Across the Rhine, the Museum Tinguely draws in thousands of visitors with its kinetic art sculptures, while just outside the city, the Beyeler Foundation hosts an outstanding collection of modern and contemporary artworks.

And every year, art lovers and gallery owners from around the world flock to Art Basel, one of the world's top contemporary art fairs.

In sports, Basel is home to tennis all-time great Roger Federer, while FC Basel are on the verge of winning their 21st Swiss football championship.

 

- Chemicals and quakes -

 

Besides its culture, Basel is now synonymous with the chemical and pharmaceutical industries, home to globally important groups such as Roche, Novartis, Sandoz and Syngenta.

The psychedelic drug LSD was created at the Sandoz laboratories there in 1938.

Pharma and chemicals make Basel a major player in the Swiss economy, attracting researchers and students as well as cross-border workers.

Around 35,000 people cross over from France and Germany, attracted by higher Swiss wages.

Basel is the home of the Bank for International Settlements, considered the central bank of central banks.

The city is left-leaning, perhaps due to the influence of its university, the oldest in Switzerland, founded in 1460.

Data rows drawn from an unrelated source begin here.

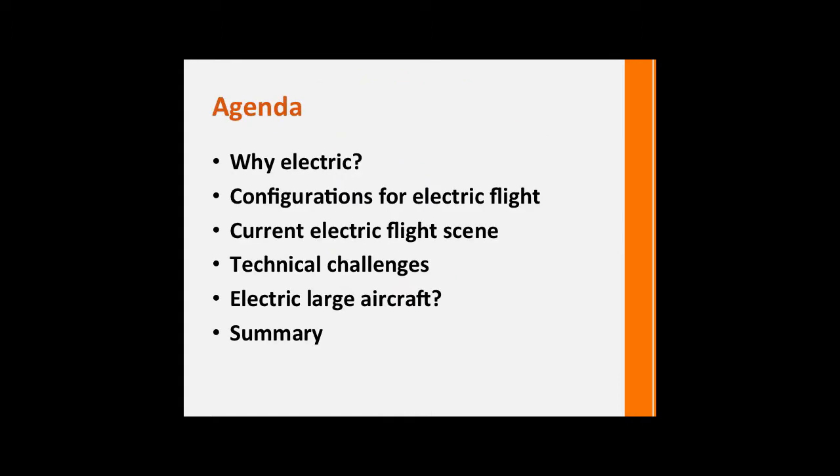This is roughly what I'm going to canter through in the next 45 to 50 minutes: why would we want to use electric power at all in the air? What are the different possible configurations we should look at? What are the devices that make up an electric propulsion system? What's the current electric flight scene — an area I've done a lot of digging into with help from colleagues from Roland Berger, the consultancy company, who have done a couple of excellent reports available free on their website. What are the technical challenges? And finally, will we ever — and if so, when — be able to fly a large number of people on an all-electric aircraft?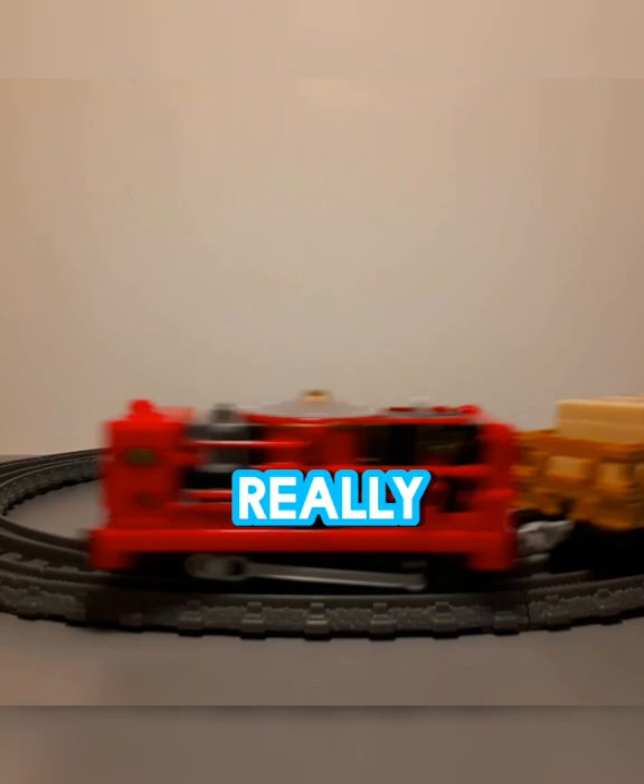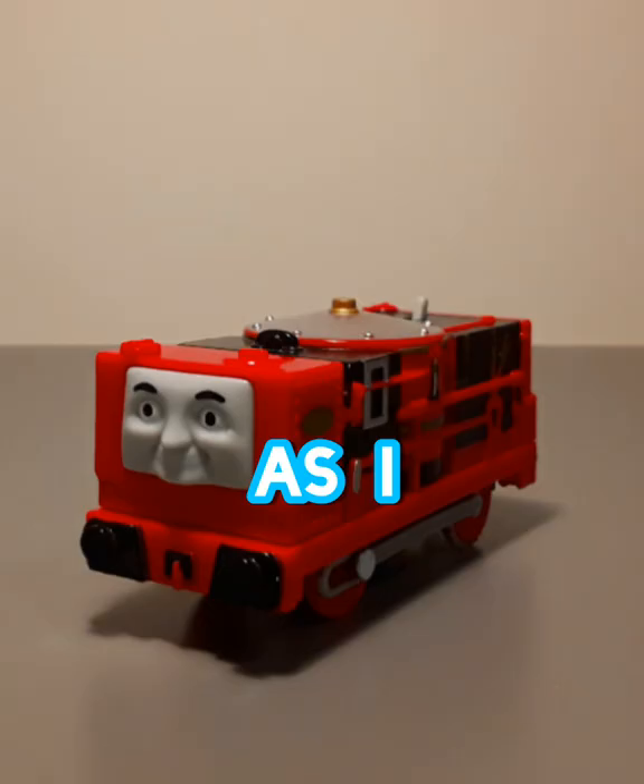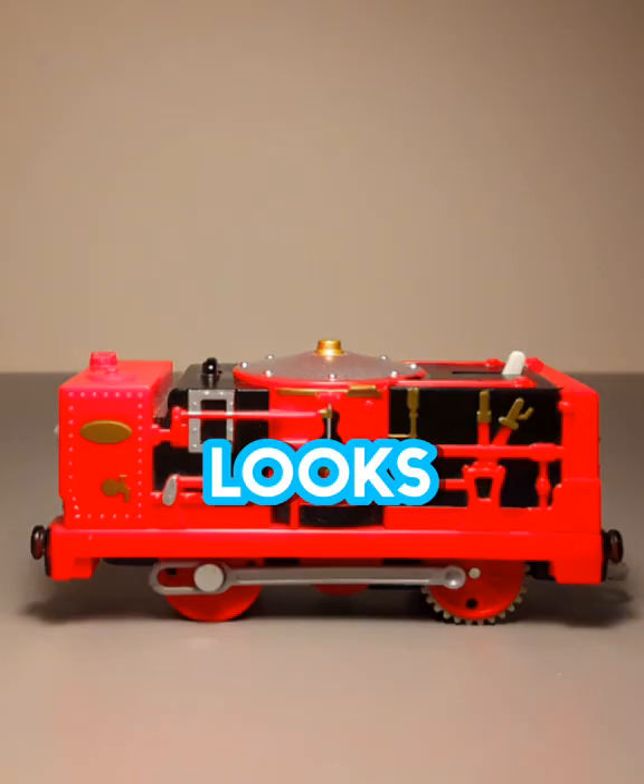So this is Glyn in real life. He is a literal box and looks really, really bad when up close. His two trucks are really nothing, but there's some cool stuff inside.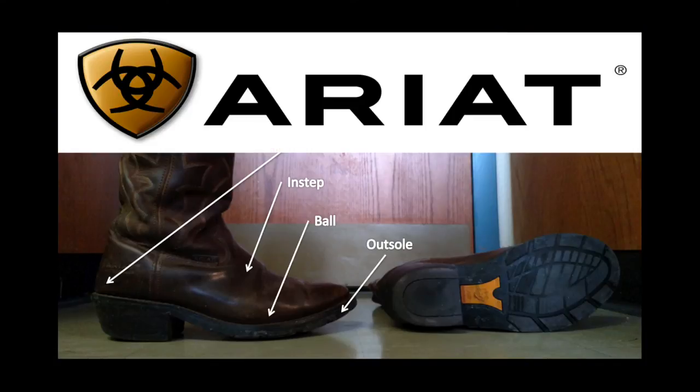My particular boot, the Ariat Ironside H2O, features extra qualities such as steel toes, waterproofing, insulation, and rubber soles. This may be the most important feature to look at in a winter shoe to protect your ass from the ice.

It has approximately 13,000 students from 100 countries, around a quarter of whom are studying for their doctorates.

The city has also lived through major disasters: the great earthquake of 1356 and the Sandoz chemical spill 630 years later.

The biggest quake in central Europe in recorded history, and the fires it caused, destroyed a city already ravaged by the Black Death.

The 1986 fire at the Sandoz chemical plant on the outskirts of Basel also left its mark due to the ecological disaster caused by toxic chemicals leaking into the Rhine, killing wildlife as far downstream as the Netherlands.